La propriétaire de ce logement de la rue Sainte-Cécile à Trois-Rivières a eu une mauvaise surprise en constatant les dommages causés par les anciens locataires.

«Des vrais Bougon»

Un «beau» cadeau de Noël attendait Thérèse Bergeron le 24 décembre. Alors qu'elle vérifiait si des locataires visés par un avis d'expulsion de la Régie du logement avaient quitté leur logis la veille, elle a vite constaté que ses locataires avaient laissé leurs traces.
Le plancher du salon a été égratigné sérieusement.
Les portes des armoires de la cuisine ont aussi été égratignées.
Planchers et portes d'armoires égratignés, moulure murale arrachée, peinture abîmée, les dommages se chiffrent à plusieurs milliers de dollars pour ce logement. C'est sans compter le ménage qui devra être fait afin de nettoyer le logement et d'enlever les pommes de terre qui jonchent le sol à plusieurs endroits et les sacs de vidange légués en souvenir sur le balcon avant.
Ce qui est encore plus navrant pour cette propriétaire d'une trentaine de logements à Trois-Rivières, c'est que ce triplex de la rue Sainte-Cécile avait été rénové en 2016.
«On a investi environ 100 000 $ dans les trois logements. La cuisine était neuve, les planchers, les fenêtres et les portes avaient été changés. Ils étaient les premiers locataires après nos travaux de rénovations. Ils étaient bien gentils au début et avaient payé le premier mois de loyer, en août. Mais après, ils n'ont rien payé pendant quatre mois», explique Mme Bergeron, rencontrée jeudi matin.
Les locataires étaient un couple âgé de près de 60 ans et son fils âgé d'une vingtaine d'années. La dame disait souffrir d'une demi-cécité, alors que l'homme affirmait être prestataire de la Commission des normes, de l'équité, de la santé et de la sécurité du travail (auparavant la CSST).
Mme Bergeron affirme qu'elle a bien tenté d'obtenir son dû. La gentillesse démontrée par le couple au moment de s'installer dans le logement s'est transformée en agressivité, selon la propriétaire.
«On était incapable de leur parler. Ces gens vidaient leurs sacs de vidange sur la galerie arrière au lieu de les mettre dans les bacs. Ce sont des gens qui ne savent pas vivre. Des vrais Bougon», commente celle qui veut mettre en garde d'autres propriétaires, principalement celui ou celle qui a accueilli cette famille durant le temps des Fêtes sans savoir exactement à qui il ou elle a affaire.
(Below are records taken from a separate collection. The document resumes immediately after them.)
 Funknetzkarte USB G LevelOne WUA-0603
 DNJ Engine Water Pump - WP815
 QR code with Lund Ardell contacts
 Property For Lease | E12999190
Mme Bergeron l'avoue sans détour, elle s'est laissée prendre au jeu du couple en lui louant un logement sans faire quelques recherches sur son passé de locataire.
«C'est mon erreur. Habituellement, je fais une enquête. Mais là, je me suis fiée à leur allure. J'ai communiqué avec un ancien propriétaire du couple et il m'a dit qu'il lui est arrivé la même chose», raconte la propriétaire, en soulignant que le grand nombre de logements disponibles sur le marché locatif incite parfois les propriétaires à prendre un risque avec un locataire.
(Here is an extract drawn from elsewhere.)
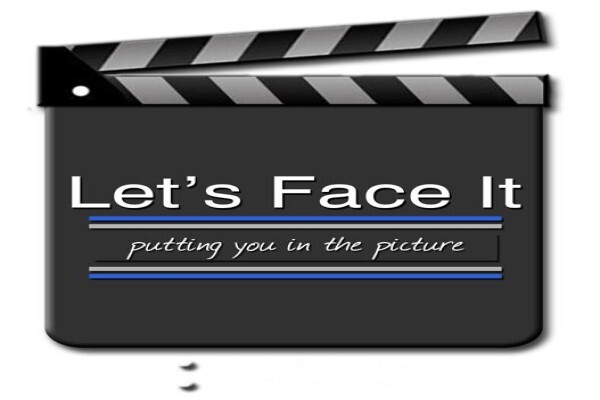 Let'S Face It Casting Agency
La propriétaire a aussi eu maille à partir avec la locataire du deuxième étage, la fille du couple. Mme Bergeron affirme avoir voulu accommoder la dame du couple.
«Elle disait que sa fille prenait soin d'elle. Ils disaient être contents d'être tous ensemble... Aujourd'hui, je comprends pourquoi: la fille est entrée en septembre et n'a jamais payé son loyer.»
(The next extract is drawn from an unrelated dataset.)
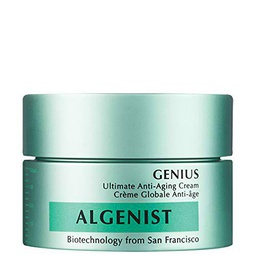 Algenist Genius Ultimate Anti-ageing Cream 60ml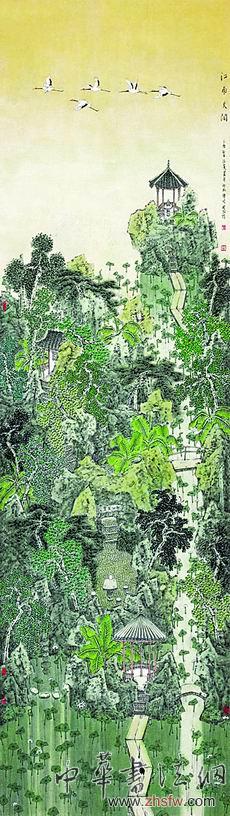 按此在新窗口瀏覽圖片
La fille du couple a été expulsée vers le 9 décembre, laissant elle aussi des traces de son court passage. Selon Mme Bergeron, des trous dans les murs ont été repérés, de même que des rayures et une malpropreté manifeste.
Les quatre mois de loyer impayés par le couple du troisième étage et sa fille vivant au deuxième représentent des pertes de revenus de 4800 $ pour Thérèse Bergeron. Cette dernière sait qu'elle ne verra jamais la couleur de cet argent.
«Si les gens travaillent, on peut prendre des mesures. Mais ces gens-là ne travaillent pas. On n'intente rien contre eux, ils n'ont rien, ça ne donnerait rien. Mais ces gens-là connaissent les lois, mieux que nous parfois. Le gouvernement devra faire quelque chose pour que ces gens-là paient.»